As in his novels, there was no clean absolution for Naipaul’s struggle with his social status and sense of self. He often called Trinidad ‘a plantation,’ and he told an interviewer in 1983, ‘I was born there, yes; I thought it was a great mistake.’ His breakthrough success as a novelist came when he was only 25 with The Mystic Masseur (1957), a comic novel set in a Trinidadian ghetto. He would go on to win the Man Booker Prize in 1971, to be knighted in 1990, and to win the Nobel Prize in Literature in 2001. But he continued to reject his birthplace; his self-imposed exile became his hallmark tone. ‘No one else around today, not even Nabokov, seems able to employ prose fiction so deeply as the very voice of exile,’ wrote Alfred Kazin in The New York Review of Books.
If his exile evoked Nabokov, and his dual-sided critique of colonialism – at once castigatory of the colonizer’s power grab while also disgusted at the supposed subservience and dirtiness of the colonized – evoked the mixed colonial messages of Joseph Conrad, it was Naipaul’s sense of origin, of his aspiring father stopped short by social circumstances, of the very fundamentals that created his childhood, that was most evocative of Thomas Wolfe.
In Wolfe’s 1929 Look Homeward, Angel, his near-autobiographical protagonist, Eugene, has one final shot at finding his place in the world – to stay in North Carolina, as his mother desires, and to find a job working for a small newspaper. But where many popular coming-of-age tales tend to end with the possibility of redemption, Wolfe disallows his protagonist this clean ending, concluding the story with Eugene realizing he cannot stay in the small mountain town he’d been working the whole novel to leave, signing away his right to his inheritance to fully disassociate himself from his past. It achieves, like so many of Naipaul’s novels, a doubleness in its view towards home: a repudiation of provincialism amidst an attempt to maintain it.

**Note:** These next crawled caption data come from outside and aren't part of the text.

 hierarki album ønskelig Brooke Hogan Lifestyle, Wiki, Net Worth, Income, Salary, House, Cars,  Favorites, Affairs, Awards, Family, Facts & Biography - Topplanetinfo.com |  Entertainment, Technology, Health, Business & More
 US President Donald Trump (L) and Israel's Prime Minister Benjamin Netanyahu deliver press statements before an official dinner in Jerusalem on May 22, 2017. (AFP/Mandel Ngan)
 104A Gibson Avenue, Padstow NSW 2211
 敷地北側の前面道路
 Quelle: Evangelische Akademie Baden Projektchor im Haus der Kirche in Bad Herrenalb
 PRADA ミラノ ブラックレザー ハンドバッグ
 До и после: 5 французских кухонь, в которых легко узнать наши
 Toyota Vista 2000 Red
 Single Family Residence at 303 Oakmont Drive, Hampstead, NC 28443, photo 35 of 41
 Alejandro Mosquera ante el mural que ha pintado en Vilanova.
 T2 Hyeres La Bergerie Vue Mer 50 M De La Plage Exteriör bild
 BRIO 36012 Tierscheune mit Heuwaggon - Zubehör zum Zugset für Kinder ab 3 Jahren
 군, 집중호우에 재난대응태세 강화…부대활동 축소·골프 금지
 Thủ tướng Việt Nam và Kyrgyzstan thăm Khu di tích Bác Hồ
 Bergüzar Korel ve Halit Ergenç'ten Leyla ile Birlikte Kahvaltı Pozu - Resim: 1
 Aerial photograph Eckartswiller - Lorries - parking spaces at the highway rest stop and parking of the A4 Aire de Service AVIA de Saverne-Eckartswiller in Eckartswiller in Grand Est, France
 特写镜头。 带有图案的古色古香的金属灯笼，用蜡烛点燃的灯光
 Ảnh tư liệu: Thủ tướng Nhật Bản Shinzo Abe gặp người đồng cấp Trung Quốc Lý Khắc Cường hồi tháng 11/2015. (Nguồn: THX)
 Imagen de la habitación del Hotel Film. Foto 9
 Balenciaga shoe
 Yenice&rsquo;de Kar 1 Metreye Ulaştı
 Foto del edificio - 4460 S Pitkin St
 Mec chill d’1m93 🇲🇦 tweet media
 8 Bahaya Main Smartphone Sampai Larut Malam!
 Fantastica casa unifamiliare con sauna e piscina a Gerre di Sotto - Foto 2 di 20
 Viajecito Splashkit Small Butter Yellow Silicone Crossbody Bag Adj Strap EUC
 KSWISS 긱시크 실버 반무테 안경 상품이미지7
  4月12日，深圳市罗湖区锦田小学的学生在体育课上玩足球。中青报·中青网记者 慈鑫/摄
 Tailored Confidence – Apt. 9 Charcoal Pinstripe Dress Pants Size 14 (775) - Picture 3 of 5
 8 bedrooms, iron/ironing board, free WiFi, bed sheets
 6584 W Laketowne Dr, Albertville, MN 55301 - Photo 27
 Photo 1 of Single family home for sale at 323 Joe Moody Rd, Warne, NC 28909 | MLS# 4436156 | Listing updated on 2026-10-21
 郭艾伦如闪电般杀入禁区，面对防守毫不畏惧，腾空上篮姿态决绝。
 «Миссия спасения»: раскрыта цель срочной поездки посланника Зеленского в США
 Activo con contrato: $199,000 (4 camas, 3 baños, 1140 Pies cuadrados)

Naipaul likewise neither provided clear and optimistic conclusions in his novels nor was one afforded to him in his personal life, even upon his death. At times, he wrote with what seemed to be an acute realization befitting the end of a modern bildungsroman: ‘To become a writer, that noble thing, I had thought it necessary to leave. Actually to write, it was necessary to go back. It was the beginning of self-knowledge.’
He seemed to be grappling with this sense of self and history most especially when he implicitly wrote – and explicitly spoke – about his father. It is his best-known novel, A House for Mr. Biswas (1961) – about a man’s life cut short and circumscribed by colonialism – that seems to be directly about his father: a would-be novelist whose talents were never allowed to flourish.
Naipaul was a man who chose isolation. He left the place and people who most resembled him for the places and people who most resembled what he believed he should have been. Without this perpetual dissatisfaction with what he had, and who he was, it can be assumed he’d never have written his Booker- and Nobel-winning fiction and would have never provided his biting, original views of colonialism that famously angered Edward Saïd but has shaped views ever since. All of it came at a heavy cost, as it always does because to leave home is to leave oneself; to start on a road with no clear end and no possibility of turning back.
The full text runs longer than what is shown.